Fox penning and politics in today’s letters to the editor.

Pick of the day: Spread blame for jobs getting iced

The Hostess Twinkie story (“Twinkies maker Hostess shutting down,” Nov. 17) is subheaded, “The company was dragged down by high cost of unionized work force.” Ten paragraphs down, we learn “nearly a dozen executives received pay hikes of up to 80 percent in 2011.” No dollar amount mentioned.

We know Hostess is paying $100 million a year in pension costs, but we don’t know how many millions these executives are taking out of the company. We do know their 80 percent pay increase is a sudden dramatic increase in costs, while pension cost increases are gradual and foreseeable. But the subhead does not say, “Company wrecked by sudden executive pay increase.”

And we don’t know how many workers accepted a pension as part of their pay, and will be cheated out of it. We don’t know the costs to government programs where these pensionless workers will now be dumped.
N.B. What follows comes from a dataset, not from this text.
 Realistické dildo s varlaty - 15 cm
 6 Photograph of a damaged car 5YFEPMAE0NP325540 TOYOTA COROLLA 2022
No mention of the damage to our economy if these jobs are shipped to some low-wage country so a few people at the top can pay themselves a lot and hide it in the Cayman Islands so they don’t have to pay U.S. taxes. What do they owe us anyway?

ERIC SUTPHIN

HILLSVILLLE

Join the conversation [ADD A COMMENT]

3 COMMENTS

  1. Scott M. | November 20, 2012 at 9:05 am

    Rock on brother Sutphin!

  2. Gary | November 20, 2012 at 11:38 am

    Gary Hunley I’m guessing you are a lifelong Republican? You called Richard Nixon’s scandal “..just a little case of opposing-party espionage.” I think it may have been the political scandal of the 20th century. Do you recall how many went to prison, how Nixon was directly involved in the cover-up and his eventual resignation and the birth of “dirty tricks”?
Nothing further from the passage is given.